Cyclic correlation density decomposition based on a sparse and low-rank model for weak fault feature extraction of rolling bearings

The weak fault feature extraction of rolling element bearings is of critical interest for fault diagnosis. The initial fault is always very weak and buried in high background noise, making it extremely hard to extract the fault feature. Thus, it is essential to correctly extract the weak fault feature of the rolling bearings. A weak fault feature extraction approach using Cyclic correlation density decomposition based on the sparse and low-rank model is proposed in this article. According to the cyclic statistical properties of the fault-bearing signal, the Fast Spectral Correlation (Fast-SC) algorithm is employed to obtain the Cyclic Spectral Density (CSD). It is founded that the CSD of periodic impulse exhibits a high degree of sparsity.
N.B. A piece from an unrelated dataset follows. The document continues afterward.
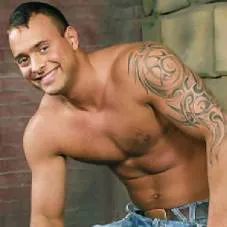 Jason Visconti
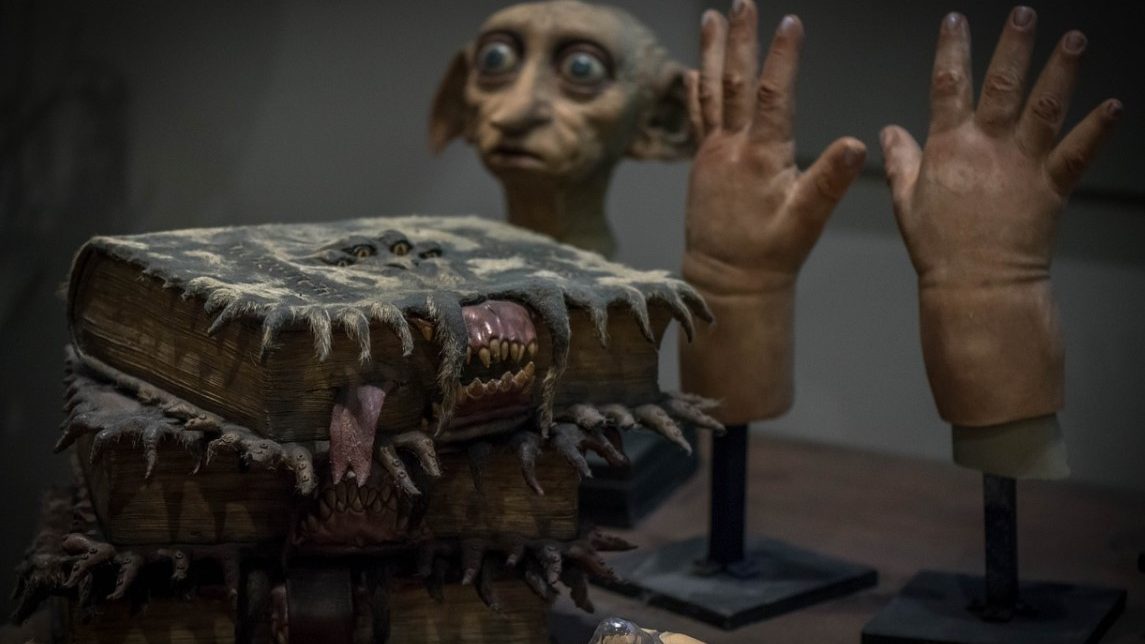 Rygte: HBO Max på vej med Harry Potter-serie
Then, the sparsity is exploited into the sparse and low-rank decomposition model to extract the fault features. The CSD is decomposed into two components with the Robust Principal Component Analysis (RPCA) algorithm. The sparse component corresponds to the periodic fault impulse, while the low-rank component represents interference. It is noteworthy that the decomposed sparse component exhibits high resolution and high sparsity, which means the bearing fault features can be revealed clearly and accurately. Finally, the rolling bearing fault feature is detected effectively by the Enhanced Envelope Spectrum (EES). Both simulation fault signal and experimental data are analyzed to verify the proposed method's performance. A Frequency Component Indicator (FCI) and a Relative Indicator Gain (RIG) are constructed to quantify the comparison of the extraction results. The RIG of the proposed method relative to the envelope spectrum is more than 10 dB in the simulated bearing signal with a low SNR of-10 dB, and more than 6 dB in the experimental case. These results validate that the proposed method can extract weak fault features more effectively than some existing methods.